O RPG é uma prática de pessoas anti-sociais

Essa é uma visão bem comum de pessoas de fora do ambiente de rpg, mas que em nada retrata a realidade. O rpg é uma prática social e isso fica claro para qualquer um que já jogou ou observou uma mesa de rpg. O rpg propicia a formação de laços a medida que os jogadores combatem desafios em conjunto e superam vários obstáculos como equipe, provando assim que essa afirmação não passa de mais um mito.

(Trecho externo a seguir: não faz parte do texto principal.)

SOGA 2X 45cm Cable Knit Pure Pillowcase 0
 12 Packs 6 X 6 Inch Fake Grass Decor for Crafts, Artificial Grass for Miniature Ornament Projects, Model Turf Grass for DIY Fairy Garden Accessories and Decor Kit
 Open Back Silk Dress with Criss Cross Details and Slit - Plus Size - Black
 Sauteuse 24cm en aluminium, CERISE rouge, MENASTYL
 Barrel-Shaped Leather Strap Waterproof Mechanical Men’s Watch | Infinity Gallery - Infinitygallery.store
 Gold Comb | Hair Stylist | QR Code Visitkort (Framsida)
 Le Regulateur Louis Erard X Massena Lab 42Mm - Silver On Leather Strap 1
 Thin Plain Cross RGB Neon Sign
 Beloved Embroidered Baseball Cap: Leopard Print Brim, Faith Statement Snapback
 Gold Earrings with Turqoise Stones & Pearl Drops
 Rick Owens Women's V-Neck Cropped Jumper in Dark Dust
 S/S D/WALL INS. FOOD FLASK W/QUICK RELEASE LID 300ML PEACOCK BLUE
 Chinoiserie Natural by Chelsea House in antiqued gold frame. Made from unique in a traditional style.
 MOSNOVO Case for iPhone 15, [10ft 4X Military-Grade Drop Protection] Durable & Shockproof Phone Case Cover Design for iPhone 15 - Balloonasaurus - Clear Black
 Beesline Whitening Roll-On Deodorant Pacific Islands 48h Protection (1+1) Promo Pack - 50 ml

O mestre cria a história que todos devem seguir

Eu sou mestre e vejo que é bem comum esse pensamento em mestres novatos, eles se esforçam, criam histórias mirabolantes e maravilhosas, escrevem páginas e páginas e esperam que tudo saia como escrito. Mas não é assim que o rpg funciona, o rpg é um jogo colaborativo, as histórias devem ser escritas em conjunto pelo grupo, o papel do mestre é de guiar a história à medida que a constrói junto com o resto do grupo.

O RPG é apenas um jogo e não tem qualquer benefício

Essa é uma das mais comuns para pessoas que tem um certo preconceito com o hobby, mas ela é totalmente falsa. O rpg é uma prática sócio-educativa que pode ser utilizada em inúmeros ambientes e propiciando vários benefícios. De transmitir conteúdo de forma imersiva à criar laços entre pessoas e incentivar práticas como a leitura, o rpg se demonstra como uma ótima escolha quando o assunto é causar impacto, mesmo que pequeno, na vida de pessoas.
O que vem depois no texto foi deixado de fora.